Author here: I should clarify the satellite is not running Windows. Instead, it’s running its own custom OS written in C called Flight Software (FSW) specifically designed for the satellite onboard computer.
Re-reading the post, I see how the title, my analogies, and poor attempts at humor would give the incorrect description of what’s happening with the satellite when it enters safemode. I’ll amend the post soon.
Thanks for the feedback, I’ll be better next time.
Could I ask you to clarify why avoiding safemode is so important? In a non satellite system safemode means everything is driven to a safe state which is fine during testing in the lab.

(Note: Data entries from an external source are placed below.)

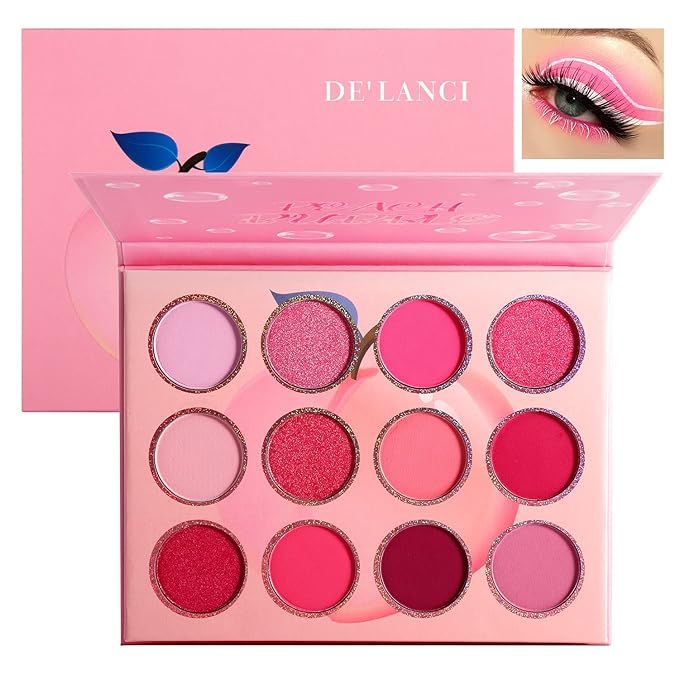 BEUSELF DE'LANCI Pink Eyeshadow Palette,12 Colors Peach Matte & Shimmer High Pigmented Mini Makeu... | Amazon (US)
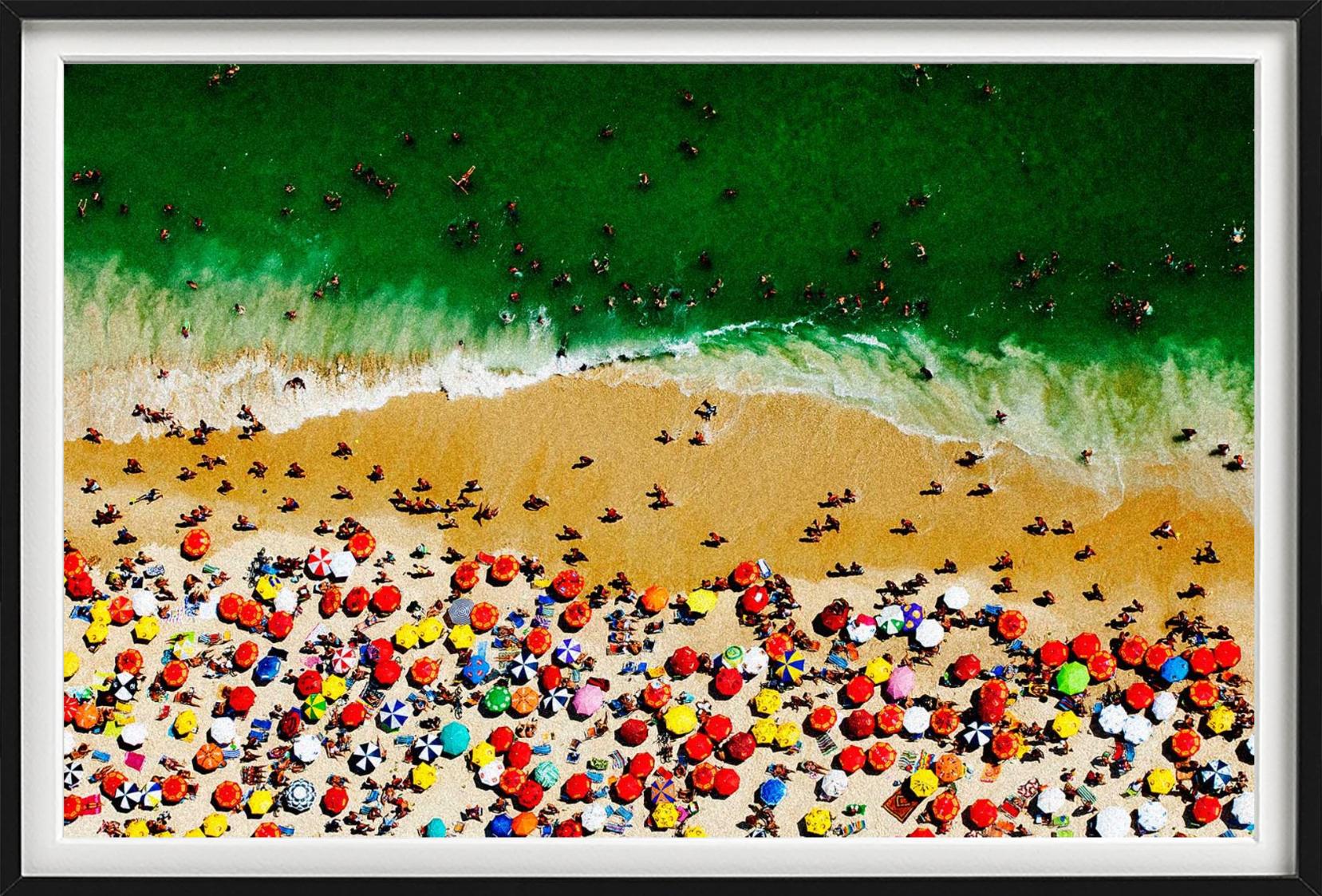 Rio Aerial - Bird's Eye View on Beach with Parasols, Fine Art Photography, 2009 - Beige Landscape Photograph by Tony Kelly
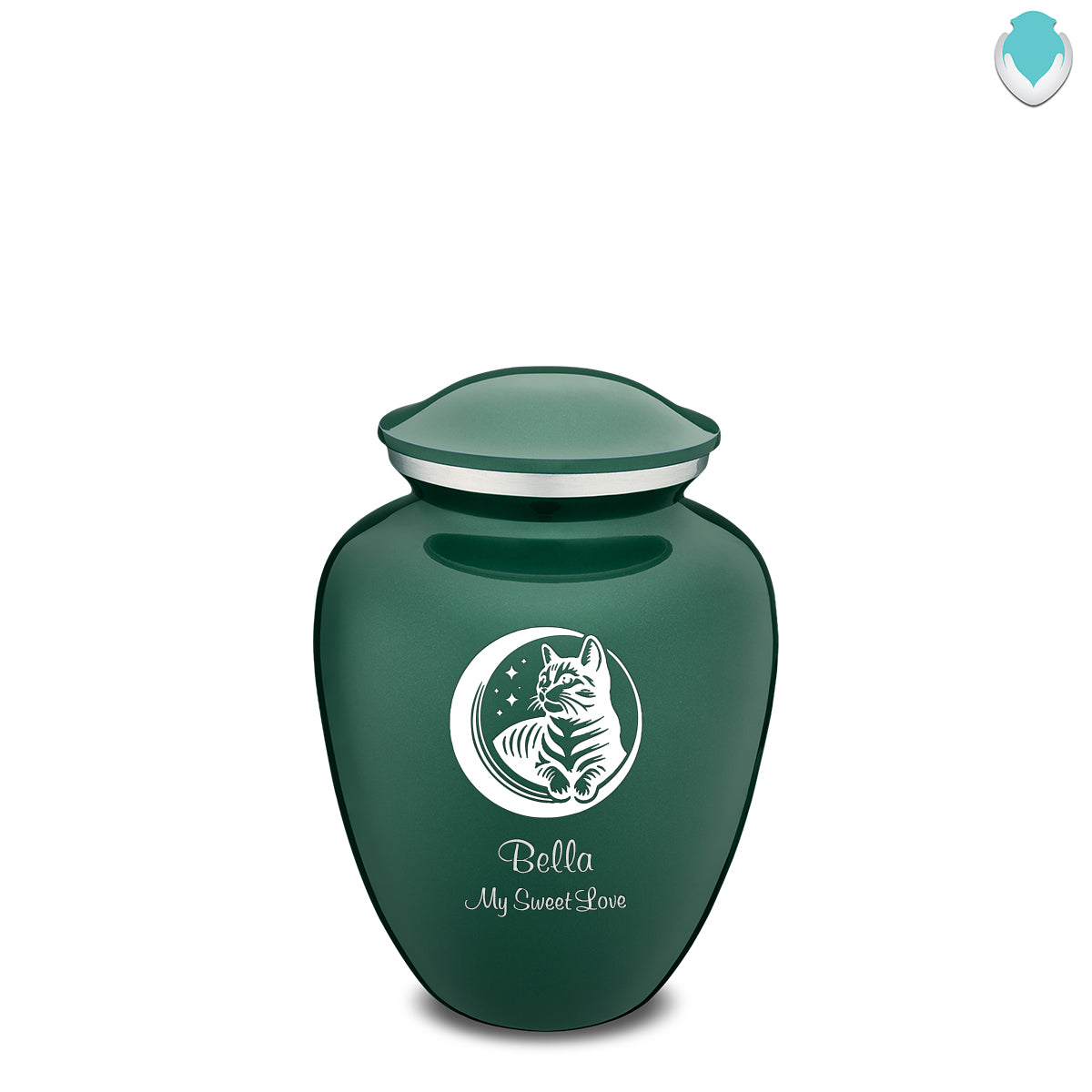 Medium Embrace Green Pet Cute Cat Cremation Urn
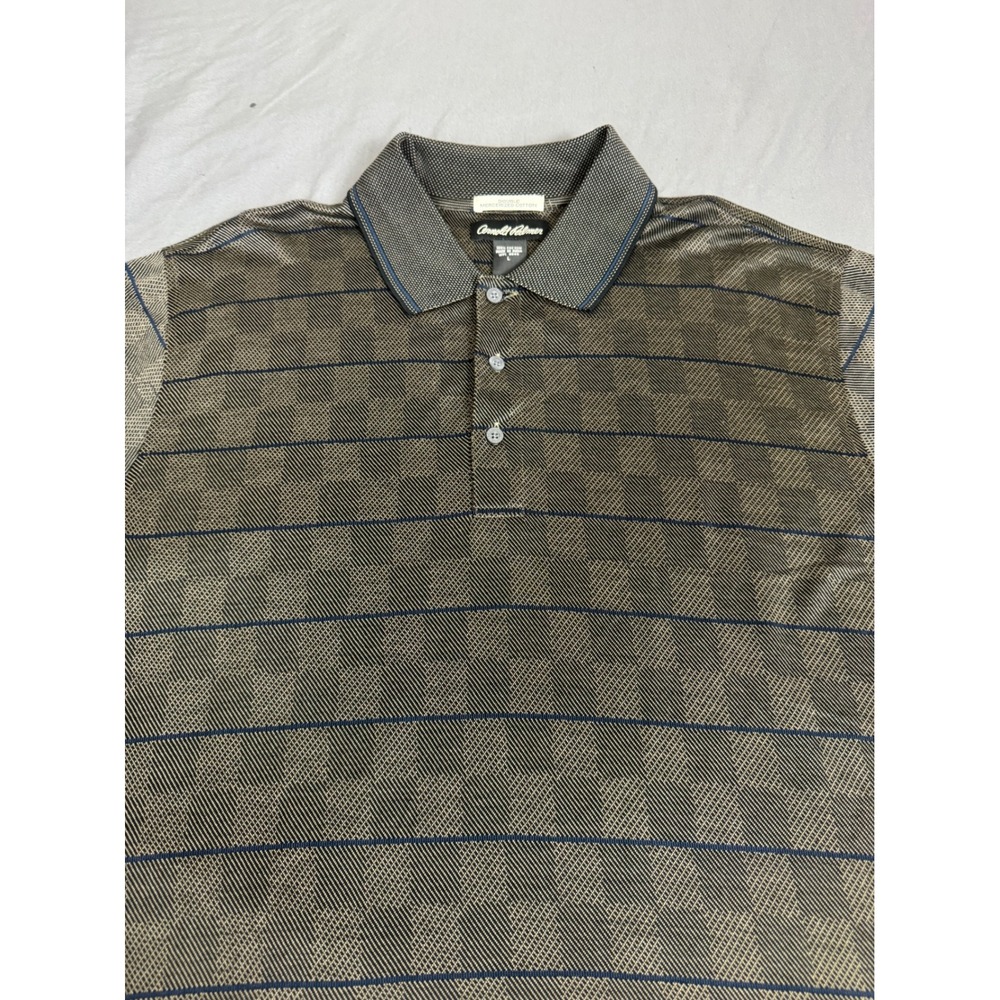 Arnold Palmer Mens Large Brown Geometric Striped Mercerized Cotton Polo Shirt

Also do you not run these tests in an even more simulated environment where there is only the flight computer and no real hardware at all?
Having discussed this same question with the more experienced members of my team, the only conclusion I can draw is that the customer (US Government) is incredibly risk averse. Any unexpected entry into safemode would require a report, multiple meetings with the customer, and them being pretty angry. Their line of reasoning seems to be "Safemode->Something is wrong->Why is something wrong? We're not paying you to be wrong". I'm personally of the opinion that safemode isn't that bad. It's fully recoverable and shows the system is working properly.
We normally have a Functional Test Assembly (real computer and some other hardware for testing) to run our tests against, but we only have one setup and it is consistently unreliable. This particular CLT was unable to get a clean run in the lab but it was decided that the issues were related to the lab setup rather than the actual test, so we moved forward to run on the satellite (against our team's protests).
This to me is the real crux of the issue: if we can't even trust our own testing environment, what's the point of having it at all? If the customer is so risk averse, why would we take this chance? Needless to say, I don't think we'll be running anything on the satellite without full FTA vetting anytime in the near future.
> Any unexpected entry into safemode would require a report, multiple meetings with the customer, and them being pretty angry. Their line of reasoning seems to be "Safemode->Something is wrong->Why is something wrong? We're not paying you to be wrong". I'm personally of the opinion that safemode isn't that bad. It's fully recoverable and shows the system is working properly.
To the last part first: Good that safe mode kicked in and did the right thing, but now what? What caused it to enter safe mode in the first place?
That's why they care when it happens. If they don't know why it's entering safe mode, they can't correct the actual problems in the system.
"Safemode is when all non critical functions are automatically shut down and the satellite becomes entirely focused on generating power by pointing its solar panels towards the Sun and trying to reestablish any communication that was lost."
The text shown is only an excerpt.